Is revealing always good?


I recently bought a very revealing and transparent CD player (and AVM player). Because I listen to redbook CD's and 705 of the CD's I listen to are jazz recordings from ca. 1955-1963 the recordings often have bad "digititus." The piano's ring, clarinet is harsh, transients are blurred --- just the nature of the recordings. With a revealing CD player, all this was palpably evident so much so that at least 1/2 those CD's were rendered unlistenable. Now, with a cheaper, more colored CD player (a new Creek) --- not nearly as revealing --- one that "rounds off" some of this digititus, these CD's are again listenable.

So... is revealing a particularly good thing for redbook CD playback? I think not. is "colored" always a bad thing? I'd say no. At least for CD playback. Thoughts?
robsker
A revealing, resolving system is superior, however all it takes is one sibilant component or cable to skew the balance and make it harsh sounding. It is possible to have your cake and eat it too, but not inexpensively.

One can certainly add tubes or cables with roll-off to deal with this, but ultimately you are going down the garden path, not improving the overall system.

The best thing is to identify the offending component or cable and replace it.

Typical offenders are active preamps that are too cheap. I have found that active preamps under the $10K mark, particularly solid-state are usually poor and add the most sibilance and compression to systems. This is why I use either a transformer passive linestage or the volume control in my DAC, which is not like a preamp.

Steve N.
Empirical Audio
Not if its revealing noise and/or distortion.

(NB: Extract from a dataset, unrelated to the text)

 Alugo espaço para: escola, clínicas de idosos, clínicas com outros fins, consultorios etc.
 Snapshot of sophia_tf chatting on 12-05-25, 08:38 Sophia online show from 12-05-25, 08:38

Otherwise yes. It's hard to argue that a cleaner signal is bad somehow.
Revealing systems which are not forward sounding can and do sound very good on poorer recordings.

If one has a bright and forward biased system, watch out, at louder volumes can and will make one run from the room.

But on the otherhand, even this bright and revealing system playing a better recording will sound pretty fine, it's a matter of balance.
03-18-15: Audioengr

"I have found that active preamps under the... $10K... mark, particularly solid-state are usually poor and add the most sibilance and compression to systems."
........................................................

Are you really serious??? That's the most ridiculous statement on audio equipment that I have read in some time. Audioengr,do you mean to tell me that you have actually listened to "every" SS pre/line amp out there? An across the board statement like that has zero valadation...
Active Pre-amps do three things in my estimation

1) control volume
2) Provide inputs and outputs
3) make sources sound a particular way

The first two are required if not provided elsewhere. The third is optional but I find to be most useful when multiple different sounding sources are used in order to bring more uniformity to the sound overall. Whether one likes that sound or not is mostly a subjective judgement I think. I can understand where one might deem most to not add any value in the third regard if bases are covered already otherwise.